## RECORDS FOR THE EXERCISE
##########

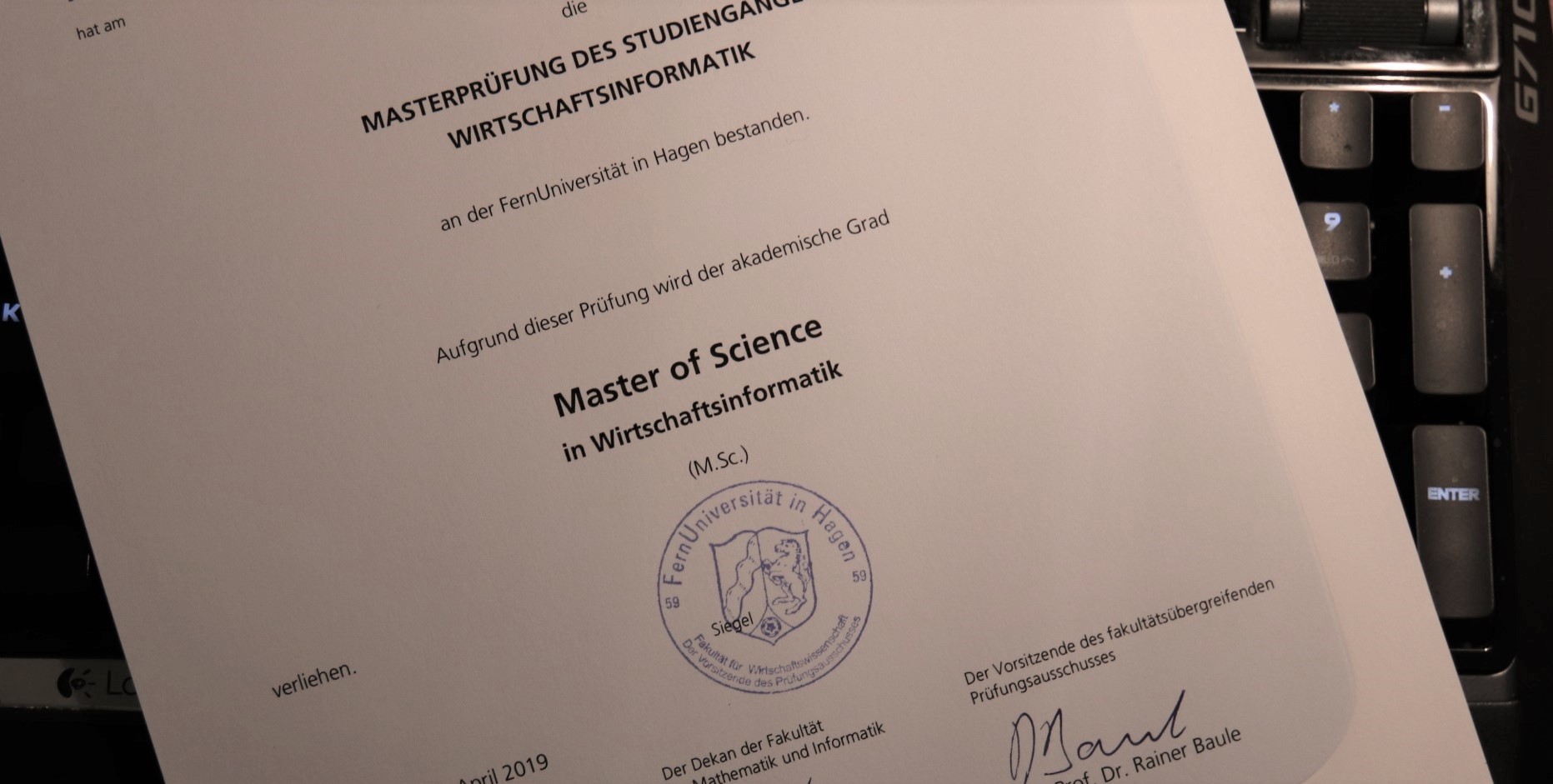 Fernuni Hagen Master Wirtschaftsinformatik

##########

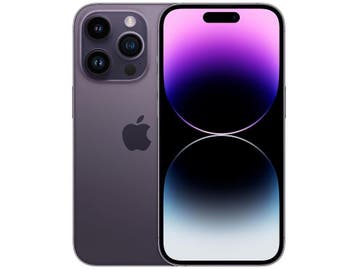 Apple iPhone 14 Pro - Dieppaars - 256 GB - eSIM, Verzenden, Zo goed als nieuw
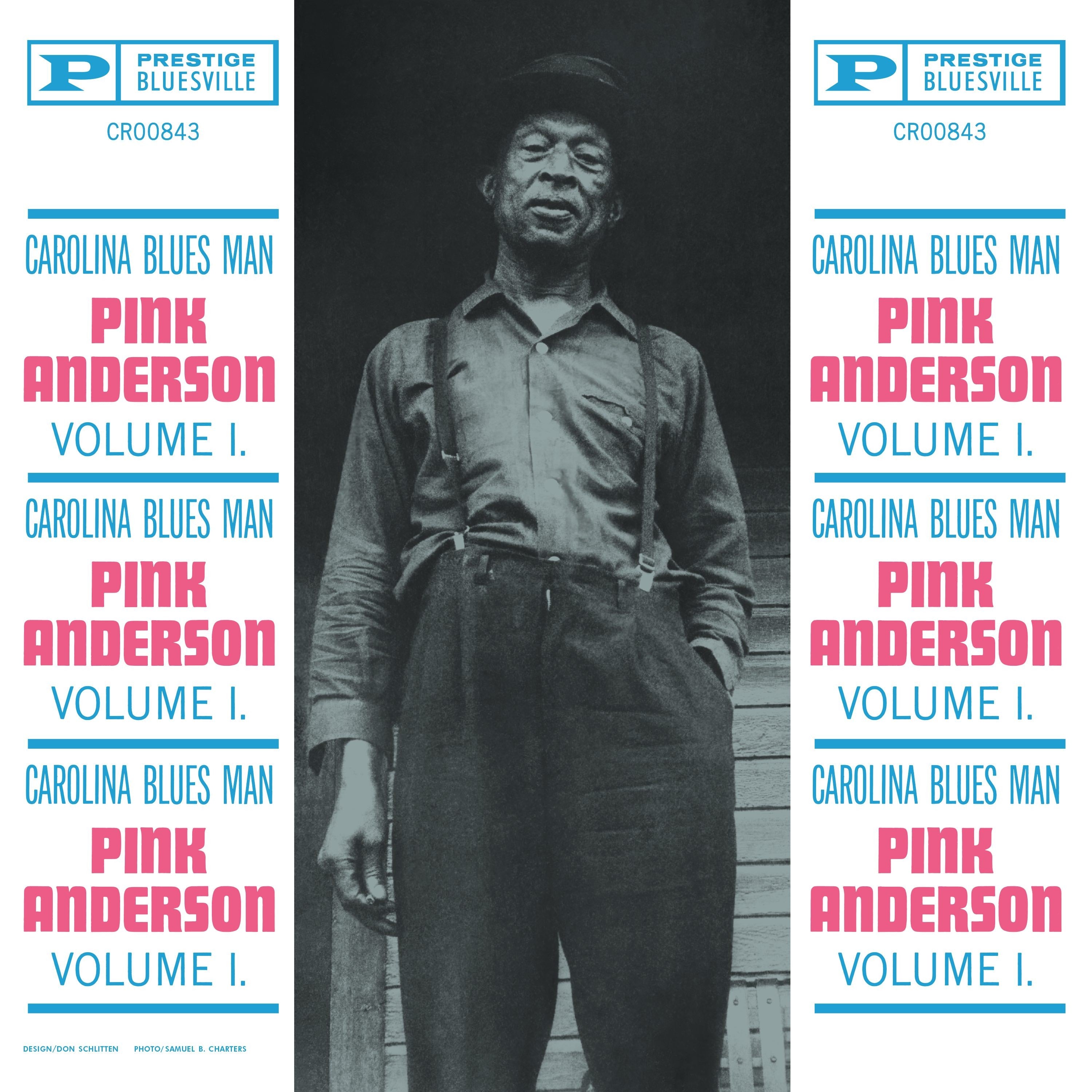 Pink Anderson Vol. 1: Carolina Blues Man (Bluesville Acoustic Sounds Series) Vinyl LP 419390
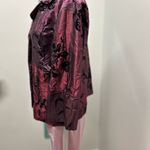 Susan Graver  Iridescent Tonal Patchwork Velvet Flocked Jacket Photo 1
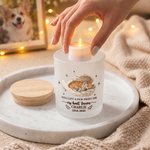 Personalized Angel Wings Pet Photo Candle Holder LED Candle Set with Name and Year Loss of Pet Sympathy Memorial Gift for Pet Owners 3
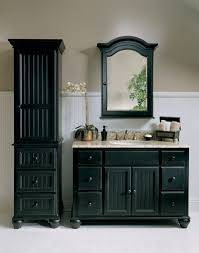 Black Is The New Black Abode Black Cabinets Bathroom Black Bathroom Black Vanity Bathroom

##########

## WHAT YOU SHOULD DO
Return the material from the line containing "Apple iPhone 14" through the line containing "Black Is The", exactly and in full, but without its pictures.

## TASK RESULT
 Apple iPhone 14 Pro - Dieppaars - 256 GB - eSIM, Verzenden, Zo goed als nieuw
 Pink Anderson Vol. 1: Carolina Blues Man (Bluesville Acoustic Sounds Series) Vinyl LP 419390
 Susan Graver  Iridescent Tonal Patchwork Velvet Flocked Jacket Photo 1
 Personalized Angel Wings Pet Photo Candle Holder LED Candle Set with Name and Year Loss of Pet Sympathy Memorial Gift for Pet Owners 3
 Black Is The New Black Abode Black Cabinets Bathroom Black Bathroom Black Vanity Bathroom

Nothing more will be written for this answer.